Avete mai sentito parlare del funerale di Carnevale? E di Tatillo? Si, proprio Tatillo, ovvero il protagonista di questa messa in scena: vestito in abito nero, con bombetta e bastone, adagiato in una cassa da morto e ricoperto fino alla cintola da un lenzuolo, sul quale si disponevano una tortiera di lasagne, qualche metro di salsiccia, un vaso da notte pieno di perciatelli a ragù e delle grosse polpette di carne di maiale ed infine un fiasco di vino.

Ecco, questo, un tempo era il funerale di Carnervale. Il funerale di Tatillo (diminutivo dialettale di tato, cioè nonno, anziano) che andava in scena proprio come è stato descritto.

Uno spettacolo appartenente alla tradizione popolare che si svolgeva nell’ultimo martedì grasso in molti paesi (ma anche in qualche città) del nostro Mezzogiorno. E tra questi anche Amalfi dove l’appuntamento con la morte di Tatillo era un evento da non perdere. L’ultima rappresentazione è andata in scena quattro anni fa.

Esattamente il 4 marzo 2014, quando un gruppo di giovani decise di inscenare il funerale di Carnevale partendo da piazza Piazza Spirito Santo fino ai piedi della cattedrale. Lo stesso percorso insomma che si faceva compiere a due storici protagonisti della morte di Tatillo: Scerminio e Andrea Anastasio, da tutti conosciuto come o’ drogat ma solo perché la sua famiglia era proprietaria di uno storico alimentari detto un tempo drogheria ovvero rivendita di spezie, di generi alimentari vari, o anche di prodotti casalinghi.

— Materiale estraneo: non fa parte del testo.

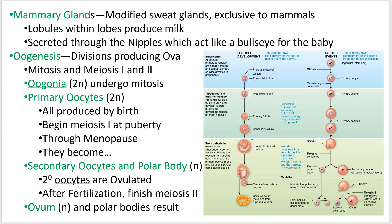Within the breasts are lobules, which are little parts of the overall gland that produce the milk. That milk is secreted through the nipples, which act like a little target for the baby, helping them zero in on the milk.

E come ad Amalfi in ogni paese c’era un cittadino che si prestava volentieri ad interpretare la parte del morto. La cassa, portata a spalla dagli amici di Carnevale vestiti con abiti colorati e ridicoli apriva il corteo che talvolta partiva dalla piazza centrale della città.

Seguiva il funerale “Quaresima” (un omaccione vestito da donna) che, rimasta vedova ed incinta si trascinava in braccio l’altro figlioletto dimenandosi e strappandosi i capelli, fra singhiozzi e grida di: «E’ muorte Tatillo! E’ muorte giovane giovane!».

Il popolo che seguiva il feretro rispondeva cantilenando: «Ta…til…lo mi…o». E si procedeva così fino al luogo in cui Carnevale saltava giù dalla cassa da morto. il “tauto” diventava così tavola imbandita per l’ultimo pranzo di Carnevale e da dove becchini e popolo prelevavano e mangiavano con le mani le grosse polpette e i lunghi perciatelli che fino a poco prima erano stati trascinati in processione.